I shook my head. Only six minutes of sunlight for an entire month? I may live in the freezing Midwest, but at least we get blue skies with our negative thirty degrees wind-chill.
But the idea of catching a glimpse of light in several-second intervals—that resonates on a different level. The last few years have felt like one long, gray December after decades of summer; the unknowing, the disillusionment, the fallout after Josh’s loss of faith has obscured any certainty that God is there, or cares. Yet I can’t deny that there have also been moments when rays break through, the occasional burst of light to remind me that, indeed, the sun is still there. That I can trust in a God who loves us both deeply no matter what Josh believes.

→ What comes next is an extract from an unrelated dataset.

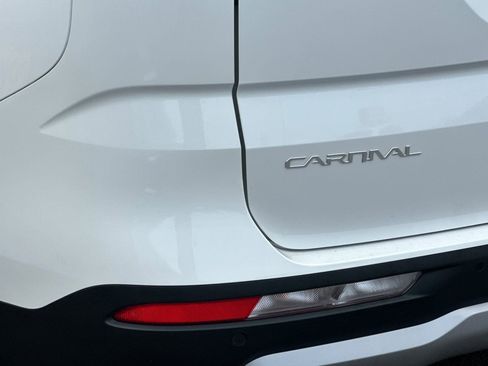 Used 2024 Kia Carnival LX image 26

The older I get, the more Moscow seems like a metaphor for the spiritual life. Mother Teresa famously experienced crippling spiritual drought for years of her ministry; most religious people, if they’re honest, will confess to times of great distance from God’s presence. For whatever reason, faith can become more distant as we travel through life, encountering disappointment and twisty turns. We live in a Moscow world, and we’re all looking for the light.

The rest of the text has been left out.